The State contends that the Court of Appeals incorrectly decided that the trial judge erred in admitting defendant’s in-culpatory statement into evidence.

Pursuant to defendant’s motion to suppress this statement, the trial judge correctly conducted a voir dire hearing. After hearing testimony from Officer Barrow and defendant, the trial judge, inter alia, made the following findings of fact:

That again at approximately 3:10 a.m. Officer Barrow and Officer Perry returned to the Clay residence, having been to the Alamance County Hospital to determine the status of the victim, and upon returning to the Clay residence had in their possession a tape recorder; that during the period of time in which they were absent from the Clay residence the defendant was not in custody or detained in any manner and felt that she could have left the house at any time; that the officers thereafter asked the defendant questions and interrogated the defendant and that she voluntarily answered the questions; that such interrogation was conducted in connection with an on-the-scene investigation of a crime and not as a result of any custodial interrogation and that at the time of the second interrogation and answers given by the defendant, the defendant had not been placed under arrest and had not been told that she could not leave the residence and was in no manner detained even though officers had remained present there at the residence during the entire period of absence of Officers Perry and Barrow and that prior to asking Mrs. Clay any questions at the time of the second interrogation Mrs. Clay was reminded of the rights which she had previously been given at approximately 1:10 a.m.

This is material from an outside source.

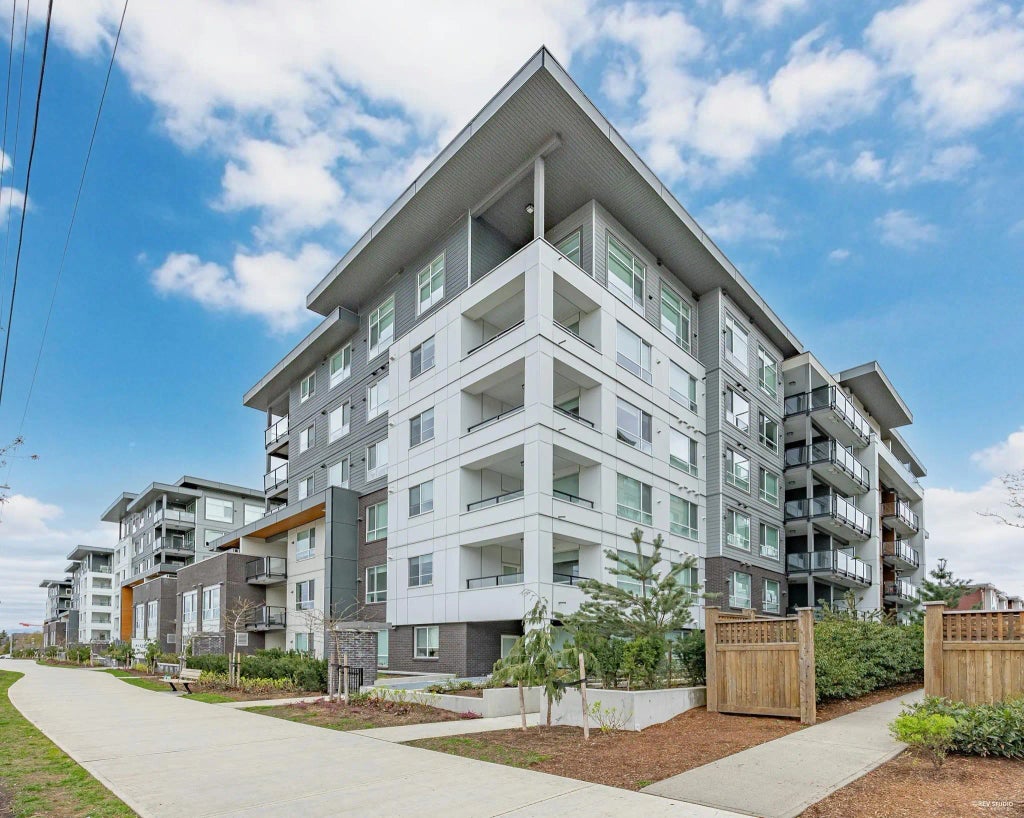 20834 80 Avenue B123, Langley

Based on these findings of fact, Judge Martin concluded that the inculpatory statement was the result of an on-the-scene investigation and was given “voluntarily, freely, and understandingly without duress, coercion, or inducement.”

In deciding that the trial judge erred in allowing defendant’s statement into evidence, the Court of Appeals stated:

In our opinion, in the present case the evidence adduced on voir dire and the findings of fact made by the trial judge do not support the conclusion that the defendant’s in-culpatory statements “were the result of an on-the-scene investigation rather than a custodial interrogation.” In our opinion, the evidence in the present case demonstrates a “coercive environment” rendering the 3:10 a.m. statements of the defendant inadmissible in the absence of any evidence showing that she affirmatively waiver her right to counsel.

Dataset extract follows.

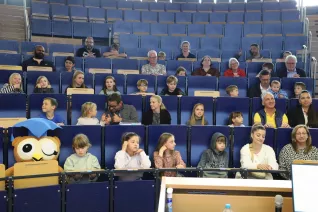 Kinderuni Diplom-Verleihung StA Audimax 20250605 Foto Juri Kuestenmacher 054.JPG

The Miranda warnings and waiver of counsel are required only when an individual is being subjected to custodial interrogation. State v. Sykes, 285 N.C. 202, 203 S.E. 2d 849 (1974); State v. Blackmon, 284 N.C. 1, 199 S.E. 2d 431 (1973). “Custodial interrogation” means questioning initiated by law enforcement officers after a person has been taken into custody or otherwise deprived of his freedom of action in any significant way. Miranda v. Arizona, 384 U.S. 436, 16 L.Ed. 2d 694, 86 S.Ct. 1602 (1966). Neither Miranda warnings nor waiver of counsel is required when police activity is limited to a general on-the-scene investigation. State v. Sykes, supra; State v. Meadows, 272 N.C. 327, 158 S.E. 2d 638 (1968). The ultimate test of the admissiblity of a confession is whether the statement was in fact voluntarily and understandingly made. State v. White, 291 N.C. 118, 229 S.E. 2d 152 (1976); State v. Pruitt, 286 N.C. 442, 212 S.E. 2d 92 (1975). It is well settled that the trial judge’s findings of fact after a voir dire hearing concerning the admissibility of a confession are conclusive and binding on the appellate courts when supported by competent evidence. State v. Jenkins, 292 N.C. 179, 232 S.E. 2d 648 (1977); State v. White, supra. Likewise, the finding of the trial court that the defendant was not in custody at the time he made the statement in question is conclusive if supported by record evidence elicited on a properly conducted voir dire. State v. Dollar, 292 N.C. 344, 233 S.E. 2d 521 (1977).

With these rules in mind, we turn to the record to ascertain whether the trial judge’s findings, in instant case, are supported by evidence elicited on voir dire.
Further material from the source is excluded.